PURPOSE:To advantageously industrially a copolyimide which is excellent in various characteristics such as heat resistance and has high mechanical strengths, a low coefficient of linear, thermal expansion, and an excellent thermal dimensional stability. CONSTITUTION:A copolyimide mainly comprising repeating units of formulas I and II (R<1> is a tetravalent arom. hydrocarbon group) is produced by copolymerizing an arom. diamine component mainly comprising a 4,4'- diaminodiphenyl ester and 4,4'-diaminodiphenyl ether with a tetracarboxylic dianhydride and subjecting the resulting polyamic acid copolymer to cyclization by dehydration thermally or chemically.

Description

Detailed Description of the Invention

[0001]

INDUSTRIAL APPLICABILITY The present invention is excellent in various properties such as heat resistance, has high mechanical strength and a low coefficient of thermal expansion, and is suitable as a base material for fine patterned flexible printed wiring boards and the like. The present invention relates to a polyimide copolymer and a method for producing the same.

[0002]

2. Description of the Related Art Conventionally, the problems to be solved by the invention
Polyimide resin is known to have various properties such as excellent heat resistance, chemical resistance, electrical properties, and mechanical properties. As a polyimide resin, Japanese Patent Publication No. 36-10
Those obtained from 4,4′-diaminodiphenyl ether and pyromellitic dianhydride described in Japanese Patent Publication No. 999 are well known. However, since this polyimide resin contains a flexible ether bond in the main chain, it is highly flexible even though it is a wholly aromatic polyimide, but it has a low coefficient of elasticity and a large linear expansion coefficient and poor thermal dimensional stability. There was a problem. In particular, the polyimide resin that has been widely used in the past has a large linear expansion coefficient of about 3 × 10 ⁻⁵ / ° C., has poor thermal dimensional stability, and is liable to warp or curl when laminated with a metal or the like. It was

On the other hand, in recent years, there has been an increasing demand for polyimide resins having more excellent thermal dimensional stability and mechanical strength. Therefore, various studies have been conducted for improving the properties of polyimide resins, and in particular, many efforts are made to improve mechanical strength, thermal dimensional stability, etc. by using two or more kinds of aromatic diamines. However, in any of these approaches, the thermal dimensional stability and mechanical properties of the polyimide resin could not be satisfied at the same time.

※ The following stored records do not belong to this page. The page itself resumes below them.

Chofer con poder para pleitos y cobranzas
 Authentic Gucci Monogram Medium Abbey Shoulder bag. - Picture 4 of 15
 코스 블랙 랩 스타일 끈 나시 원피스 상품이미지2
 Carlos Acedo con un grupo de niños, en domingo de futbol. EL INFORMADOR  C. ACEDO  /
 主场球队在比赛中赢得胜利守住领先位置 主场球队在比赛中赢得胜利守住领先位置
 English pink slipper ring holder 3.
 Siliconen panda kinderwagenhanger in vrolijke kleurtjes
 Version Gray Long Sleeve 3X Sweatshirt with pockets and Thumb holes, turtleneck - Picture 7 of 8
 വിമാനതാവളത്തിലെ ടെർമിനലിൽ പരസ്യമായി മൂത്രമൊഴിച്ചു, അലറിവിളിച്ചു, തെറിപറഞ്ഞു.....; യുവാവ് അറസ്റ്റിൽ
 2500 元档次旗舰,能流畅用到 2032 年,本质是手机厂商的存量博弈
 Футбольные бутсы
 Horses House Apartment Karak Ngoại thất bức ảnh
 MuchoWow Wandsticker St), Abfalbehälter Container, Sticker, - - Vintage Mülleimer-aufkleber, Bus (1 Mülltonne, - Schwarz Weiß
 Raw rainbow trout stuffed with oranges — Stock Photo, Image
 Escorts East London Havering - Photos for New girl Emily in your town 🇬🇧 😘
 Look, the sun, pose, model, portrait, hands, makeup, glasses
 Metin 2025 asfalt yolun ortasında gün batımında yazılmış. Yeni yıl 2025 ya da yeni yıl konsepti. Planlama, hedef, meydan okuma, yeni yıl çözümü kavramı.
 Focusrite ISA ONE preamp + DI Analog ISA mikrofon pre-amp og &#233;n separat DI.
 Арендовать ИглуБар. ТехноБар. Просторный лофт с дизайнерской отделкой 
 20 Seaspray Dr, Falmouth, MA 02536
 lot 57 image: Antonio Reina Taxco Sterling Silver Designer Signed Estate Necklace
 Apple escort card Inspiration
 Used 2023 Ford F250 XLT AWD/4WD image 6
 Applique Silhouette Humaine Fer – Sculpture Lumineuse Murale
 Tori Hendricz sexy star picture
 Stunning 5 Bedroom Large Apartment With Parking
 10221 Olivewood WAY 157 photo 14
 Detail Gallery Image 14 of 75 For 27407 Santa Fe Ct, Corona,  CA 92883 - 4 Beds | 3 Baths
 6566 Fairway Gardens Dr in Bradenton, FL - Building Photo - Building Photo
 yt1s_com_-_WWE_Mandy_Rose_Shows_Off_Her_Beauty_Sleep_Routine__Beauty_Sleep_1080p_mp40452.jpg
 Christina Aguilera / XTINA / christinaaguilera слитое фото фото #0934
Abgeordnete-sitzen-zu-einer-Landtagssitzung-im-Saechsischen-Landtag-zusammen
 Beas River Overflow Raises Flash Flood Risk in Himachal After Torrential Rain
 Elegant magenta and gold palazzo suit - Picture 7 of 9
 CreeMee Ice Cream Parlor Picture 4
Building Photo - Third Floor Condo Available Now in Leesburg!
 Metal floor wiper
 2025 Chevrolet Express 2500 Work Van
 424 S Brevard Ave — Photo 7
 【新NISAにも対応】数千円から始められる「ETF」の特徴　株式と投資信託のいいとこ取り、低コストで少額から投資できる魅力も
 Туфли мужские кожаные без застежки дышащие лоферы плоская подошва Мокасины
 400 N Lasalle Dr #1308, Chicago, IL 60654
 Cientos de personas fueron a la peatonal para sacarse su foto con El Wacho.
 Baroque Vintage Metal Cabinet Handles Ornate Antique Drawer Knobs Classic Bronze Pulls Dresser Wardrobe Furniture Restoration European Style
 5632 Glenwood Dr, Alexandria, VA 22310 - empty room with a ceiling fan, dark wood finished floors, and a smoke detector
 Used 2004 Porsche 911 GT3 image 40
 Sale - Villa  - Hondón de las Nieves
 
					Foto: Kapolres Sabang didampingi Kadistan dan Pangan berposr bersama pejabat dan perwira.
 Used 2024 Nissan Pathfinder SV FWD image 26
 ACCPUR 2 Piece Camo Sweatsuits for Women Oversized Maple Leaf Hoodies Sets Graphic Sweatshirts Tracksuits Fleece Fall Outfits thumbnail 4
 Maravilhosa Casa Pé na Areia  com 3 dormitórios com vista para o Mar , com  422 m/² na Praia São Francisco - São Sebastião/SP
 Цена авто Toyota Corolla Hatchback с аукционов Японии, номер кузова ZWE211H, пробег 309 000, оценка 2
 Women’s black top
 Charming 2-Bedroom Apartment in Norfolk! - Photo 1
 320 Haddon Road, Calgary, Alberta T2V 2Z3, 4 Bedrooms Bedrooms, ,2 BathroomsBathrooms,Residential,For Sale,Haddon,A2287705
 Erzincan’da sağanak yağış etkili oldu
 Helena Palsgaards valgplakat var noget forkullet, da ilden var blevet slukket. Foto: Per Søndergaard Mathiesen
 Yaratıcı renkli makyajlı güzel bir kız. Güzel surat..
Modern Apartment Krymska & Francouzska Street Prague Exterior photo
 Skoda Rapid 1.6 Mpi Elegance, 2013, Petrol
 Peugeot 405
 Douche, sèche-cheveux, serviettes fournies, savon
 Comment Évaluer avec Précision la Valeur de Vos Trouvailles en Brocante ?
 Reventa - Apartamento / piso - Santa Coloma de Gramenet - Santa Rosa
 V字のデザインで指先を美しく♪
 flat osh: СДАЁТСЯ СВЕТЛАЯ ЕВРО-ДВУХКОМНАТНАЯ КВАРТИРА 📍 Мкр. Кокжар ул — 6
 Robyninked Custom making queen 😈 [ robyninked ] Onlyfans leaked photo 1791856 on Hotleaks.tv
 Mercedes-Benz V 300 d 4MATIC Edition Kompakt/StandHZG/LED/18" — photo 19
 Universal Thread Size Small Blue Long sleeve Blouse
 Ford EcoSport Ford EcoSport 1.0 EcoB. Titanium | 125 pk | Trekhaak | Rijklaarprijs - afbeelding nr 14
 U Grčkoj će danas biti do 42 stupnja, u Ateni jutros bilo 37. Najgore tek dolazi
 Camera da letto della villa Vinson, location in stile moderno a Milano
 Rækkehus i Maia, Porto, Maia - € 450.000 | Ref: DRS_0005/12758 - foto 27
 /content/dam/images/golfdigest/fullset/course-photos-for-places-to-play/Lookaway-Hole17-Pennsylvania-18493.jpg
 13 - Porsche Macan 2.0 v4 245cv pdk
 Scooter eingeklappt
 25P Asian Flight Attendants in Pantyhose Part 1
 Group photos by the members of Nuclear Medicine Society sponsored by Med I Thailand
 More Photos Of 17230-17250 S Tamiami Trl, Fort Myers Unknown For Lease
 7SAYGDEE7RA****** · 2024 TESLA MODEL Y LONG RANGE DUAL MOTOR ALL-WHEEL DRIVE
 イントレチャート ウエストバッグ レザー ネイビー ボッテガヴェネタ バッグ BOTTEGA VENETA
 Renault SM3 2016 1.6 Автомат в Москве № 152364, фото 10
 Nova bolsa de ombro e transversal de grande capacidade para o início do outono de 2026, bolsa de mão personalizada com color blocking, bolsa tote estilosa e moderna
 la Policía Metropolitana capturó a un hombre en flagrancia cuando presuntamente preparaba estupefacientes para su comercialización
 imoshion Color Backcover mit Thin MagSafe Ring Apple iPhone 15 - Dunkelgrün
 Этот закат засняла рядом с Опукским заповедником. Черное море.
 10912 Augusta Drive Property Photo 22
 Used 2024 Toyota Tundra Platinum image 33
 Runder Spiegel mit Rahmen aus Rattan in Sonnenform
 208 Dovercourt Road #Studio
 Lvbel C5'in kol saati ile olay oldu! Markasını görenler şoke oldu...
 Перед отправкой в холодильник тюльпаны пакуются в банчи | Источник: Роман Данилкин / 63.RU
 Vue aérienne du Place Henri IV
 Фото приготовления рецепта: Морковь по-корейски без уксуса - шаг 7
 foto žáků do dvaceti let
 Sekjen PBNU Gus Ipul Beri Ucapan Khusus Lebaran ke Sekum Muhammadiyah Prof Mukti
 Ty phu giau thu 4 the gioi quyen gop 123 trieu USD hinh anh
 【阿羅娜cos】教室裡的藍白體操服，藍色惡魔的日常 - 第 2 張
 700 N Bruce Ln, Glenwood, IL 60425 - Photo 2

The present invention has been made in view of the above circumstances.
It has excellent properties such as heat resistance and high mechanical strength.
Another object of the present invention is to provide a polyimide copolymer having excellent thermal dimensional stability and an industrially advantageous method for producing the polyimide copolymer.

[0005]

Means and Actions for Solving the Problems The present inventor has conducted extensive studies to achieve the above object, and as a result, 4,4′-
The following general formula obtained by dehydrating and ring-closing a polyamic acid copolymer obtained by polymerizing an aromatic diamine containing diaminodiphenyl ester and 4,4′-diaminodiphenyl ether as main components and tetracarboxylic dianhydride The polyimide copolymer containing the repeating unit represented by (1) and the repeating unit represented by the following general formula (2) as a main constituent unit at a molar ratio of preferably 5/95 to 85/15 is heat resistant. In addition to being excellent in various properties, such as high mechanical strength, low thermal expansion coefficient and water absorption rate, high elastic modulus and flexibility, it has excellent thermal dimensional stability. Invented.

[0006]

[Chemical 2] (However, in the formula, R ¹ is a tetravalent aromatic hydrocarbon group.)

Therefore, the present invention comprises a polyimide copolymer characterized by containing a repeating unit represented by the general formula (1) and a repeating unit represented by the general formula (2) as main constituent units, and An aromatic diamine containing 4,4'-diaminodiphenyl ester and 4,4'-diaminodiphenyl ether as main components is polymerized with a tetracarboxylic acid dianhydride to obtain a polyamic acid copolymer, and then the polyamic acid copolymer is obtained. There is provided a method for producing the above polyimide copolymer, which comprises subjecting the polymer to dehydration ring closure.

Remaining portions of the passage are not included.